使用小分子数据集的潜在 HIV-1 蛋白酶抑制剂生物活性的模糊 ART MAP 预测。

Fuzzy ARTMAP prediction of biological activities for potential HIV-1 protease inhibitors using a small molecular data set.

机构信息

Computer Science Department, Central Washington University, 400 E. University Way, Ellensburg, WA 98926, USA.

出版信息

IEEE/ACM Trans Comput Biol Bioinform. 2011 Jan-Mar;8(1):80-93. doi: 10.1109/TCBB.2009.50.

DOI:10.1109/TCBB.2009.50

Abstract

Obtaining satisfactory results with neural networks depends on the availability of large data samples. The use of small training sets generally reduces performance. Most classical Quantitative Structure-Activity Relationship (QSAR) studies for a specific enzyme system have been performed on small data sets. We focus on the neuro-fuzzy prediction of biological activities of HIV-1 protease inhibitory compounds when inferring from small training sets. We propose two computational intelligence prediction techniques which are suitable for small training sets, at the expense of some computational overhead. Both techniques are based on the FAMR model. The FAMR is a Fuzzy ARTMAP (FAM) incremental learning system used for classification and probability estimation. During the learning phase, each sample pair is assigned a relevance factor proportional to the importance of that pair. The two proposed algorithms in this paper are: 1) The GA-FAMR algorithm, which is new, consists of two stages: a) During the first stage, we use a genetic algorithm (GA) to optimize the relevances assigned to the training data.
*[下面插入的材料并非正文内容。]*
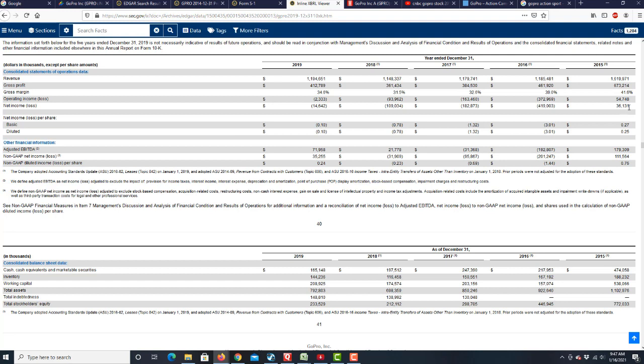And then, as a result of this, look at the net income. The company went from being profitable to losing almost half a billion dollars in 2016. It continues to lose money, continues to lose money, and then 2019, it lost just a little bit less money.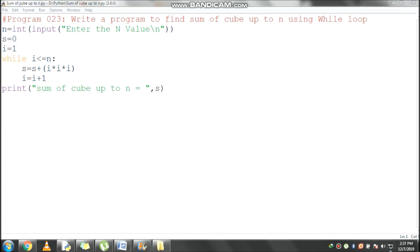Now i value 3 becomes 4. It checks the condition: 4 less than or equal to 5, condition is true. Control comes inside the loop. s value is 36, i value is 4. 4 into 4 is 16, 16 into 4 is 64. 36 plus 64 becomes 100. s value becomes 100.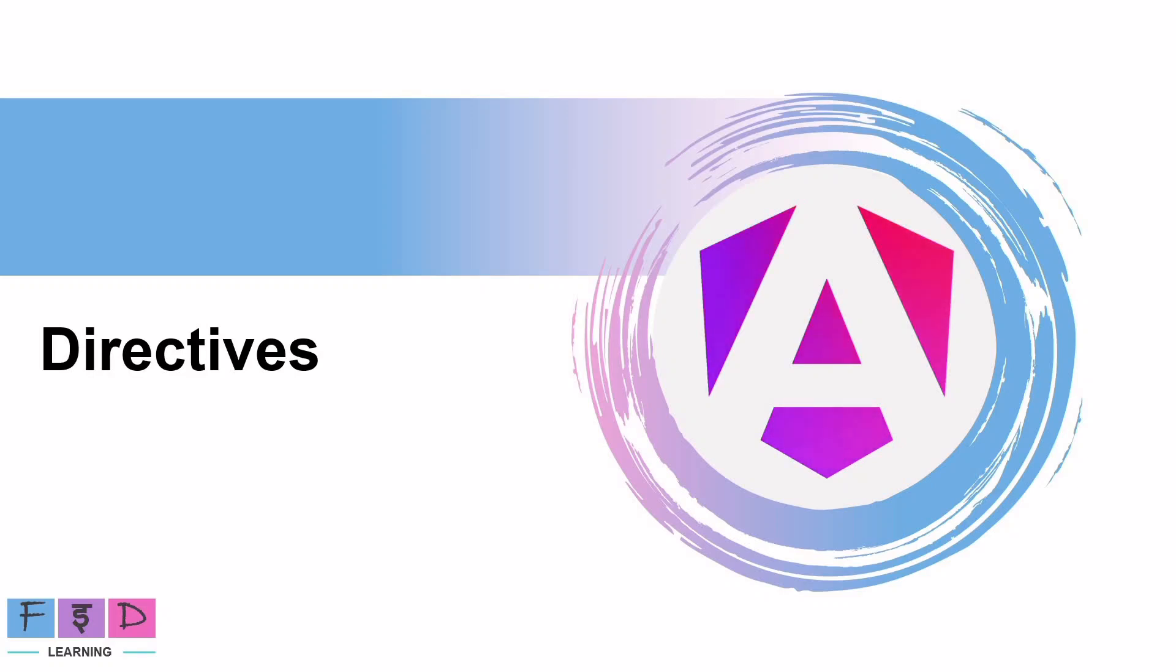Hello all, welcome back to FED Learning. In this video we will explore the next fundamental concept in Angular called Directives, which play an essential role in creating robust, scalable and maintainable applications.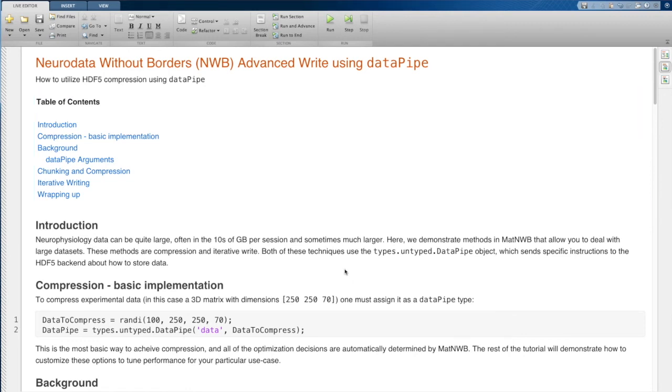Hi everyone, this is Ben Dichter and this is the tutorial for advanced write using data pipe in NeuroData Without Borders.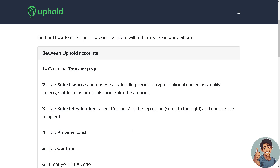You can use national currencies, utility tokens, stablecoins, or metals as your funding source — but for now we're going to use crypto. Enter the amount, then tap 'Select Destination.'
This improves the generalization capability of the FAMR. b) In the second stage, we use the optimized relevances to train the FAMR. 2) The Ordered FAMR is derived from a known algorithm. Instead of optimizing relevances, it optimizes the order of data presentation using the algorithm of Dagher et al. In our experiments, we compare these two algorithms with an algorithm not based on the FAM, the FS-GA-FNN introduced in [4], [5]. We conclude that when inferring from small training sets, both techniques are efficient, in terms of generalization capability and execution time. The computational overhead introduced is compensated by better accuracy. Finally, the proposed techniques are used to predict the biological activities of newly designed potential HIV-1 protease inhibitors.

摘要

利用神经网络获得满意的结果取决于是否有大量的数据样本。使用小的训练集通常会降低性能。大多数针对特定酶系统的经典定量构效关系（QSAR）研究都是基于小的数据集进行的。我们专注于从小的训练集中推断出 HIV-1 蛋白酶抑制化合物的生物活性的神经模糊预测。我们提出了两种适合小训练集的计算智能预测技术，这些技术会带来一些计算开销。这两种技术都是基于 FAMR 模型。FAMR 是一种用于分类和概率估计的模糊自适应共振理论（FAM）增量学习系统。在学习阶段，每个样本对都被分配一个与该对重要性成比例的相关因子。本文提出的两种算法是：1）GA-FAMR 算法，这是一种新算法，它由两个阶段组成：a）在第一阶段，我们使用遗传算法（GA）来优化分配给训练数据的相关性。这提高了 FAMR 的泛化能力。b）在第二阶段，我们使用优化后的相关性来训练 FAMR。2）有序 FAMR 是从一种已知的算法中衍生出来的。它不是通过优化相关性，而是使用 Dagher 等人的算法来优化数据呈现的顺序。在我们的实验中，我们将这两种算法与不基于 FAM 的算法，即 [4]、[5] 中引入的 FS-GA-FNN 进行了比较。我们得出的结论是，从小的训练集中推断时，这两种技术在泛化能力和执行时间方面都很有效。引入的计算开销通过更高的准确性得到了补偿。最后，我们使用提出的技术来预测新设计的潜在 HIV-1 蛋白酶抑制剂的生物活性。